All’inizio non era semplice mappare la fornitura e valutare l’impatto di ogni singola software house e società di tecnologia, perché spesso le fonderie e industrie minerarie erano molteplici e ramificate. Spesso, tra l’altro, le aziende di estrazione si rifiutavano di essere tracciate e monitorate, non rispondendo ai sondaggi su quali fossero i contratti per l’estrazione in loco. Oggi la situazione è cambiata e per molte aziende la risposta dei fornitori è pari al 100 percento. Tuttavia quello che è peggiorato è l’interesse verso i minerali cosiddetti 3TG: stagno, tantalio, tungsteno e oro. La moda è stata sostituita con quella per il cobalto, portando l’opinione pubblica e i gruppi di pressione a essere meno accorti sui materiali della game industry. Non è un minerale di conflitto propriamente detto, rientra tra quelli che sono non etici per severe violazioni dei diritti umani (sebbene comunque non sia chiaro quanto anche questa industria mineraria non lo leghi comunque alle milizie congolesi visto che i giacimenti sono diffusi anche in questa regione).

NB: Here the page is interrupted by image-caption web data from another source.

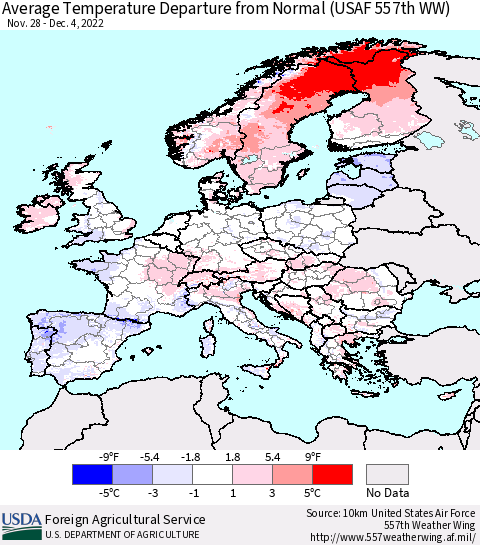 Europe Average Temperature Departure from Normal (USAF 557th WW) Thematic Map For 11/28/2022 - 12/4/2022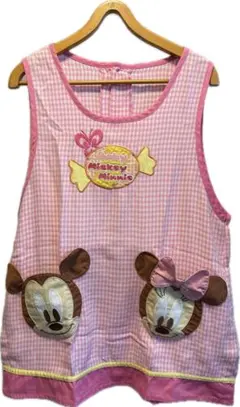 ミッキー ミニー エプロン ピンク チェック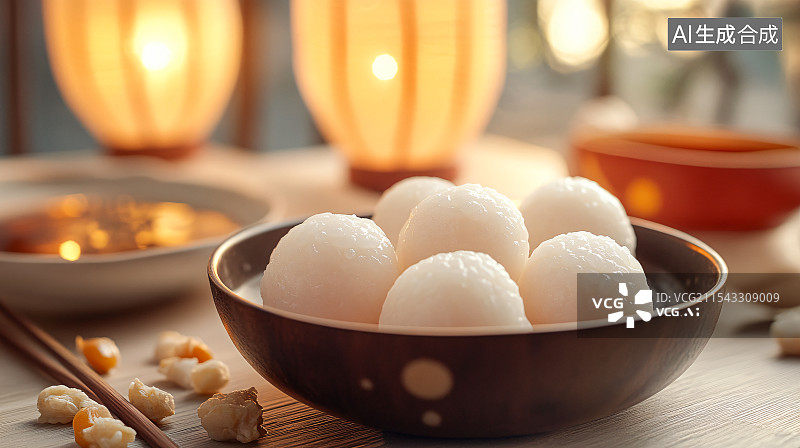 【AI数字艺术】中式点心汤圆与中国风背景图片素材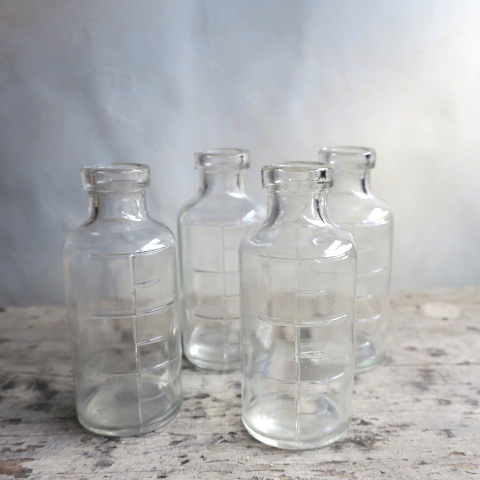 【Vintage/ヴィンテージ】ガラス瓶ミニ 4個セット/フラワーベース　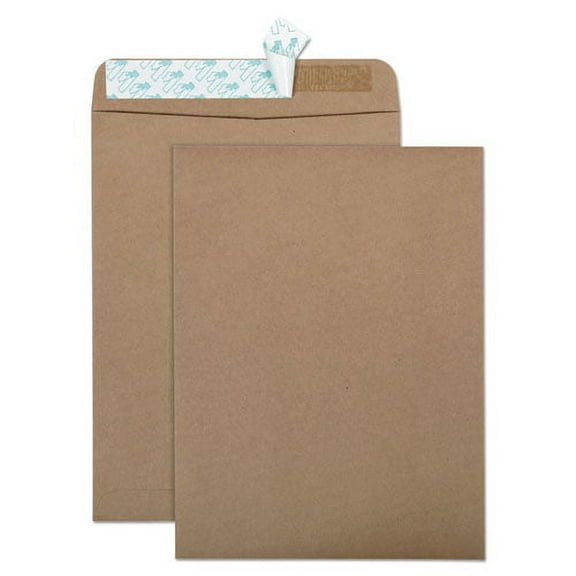 100% Recycled Brown Kraft Redi-Strip Envelope, #10 1/2, Cheese Blade Flap, Redi-Strip Closure, 9 X 12, Brown Kraft, 100/box | Bundle of 2 Boxes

Il cobalto è impiegato in diversi settori, come colorante oppure come additivo e in particolare nelle batterie al litio, oggi sempre più indispensabili alle tecnologie. Io stessa su Earth2 (promessa di Metaverso precoce a cui mi iscrissi comprando alcune terre virtuali) decisi di accaparrarmi qualche rettangolino collocato su luoghi di estrazione mineraria, scegliendo di acquistare quelli di oro e di litio, conoscendo bene cosa voglia dire possedere certe risorse sulla Terra1.

Cosa stanno facendo le aziende tech

Molte aziende tecnologiche (Apple e Google) stanno portando avanti iniziative personali per migliorare la trasparenza e l’affidabilità del controllo sull’indotto minerario (estrazione, raffinazione, trasporto), per i metalli necessari all’industria tecnologica. Una soluzione è la blockchain, che però, secondo esperti quali Raffaello Deberdt, potrà essere in futuro una possibilità di monitoraggio solida, per adesso i dati di cui disponiamo non sono sufficienti a rendere questa tecnologia un valore aggiunto.

Sempre Deberdt ci ricorda che i conflitti hanno un impatto sull’industria mineraria anche per l’accesso alle risorse. Il conflitto in Ucraina ci ha dimostrato quanto la pace sia essenziale al capitalismo. Il nichel, di cui la Russia è massimo fornitore, è lievitato di prezzo, rendendo difficilissimo il suo approvvigionamento. La borghesia, in effetti, nel suo emergere nella storia, ha richiesto razionalità su più fronti: amministrazione politica efficiente, vie di comunicazione aperte e gestione diplomatica dei conflitti con regolamenti netti e funzionari, questo per evitare quelle guerre che invece infiammavano l’Ancient Regime e rendevano impossibile uno sviluppo economico pari a quello che la classe in ascesa pretendeva. Insomma, la pace ha un interesse economico molto forte.

Sempre su gameindustry si parla di una possibile estrazione dai fondali oceanici. Non solo lo spazio, allora, ma anche le terre sommerse. Deberdt puntualizza che sempre di giochi di potere si parlerebbe, indicando come via più equa ed etica il riciclo e il riutilizzo dei materiali e uno spreco minore di risorse.

Voi eravate a conoscenza di questo retroscena dei software e dei dispositivi tecnologici? Quali soluzioni adottereste?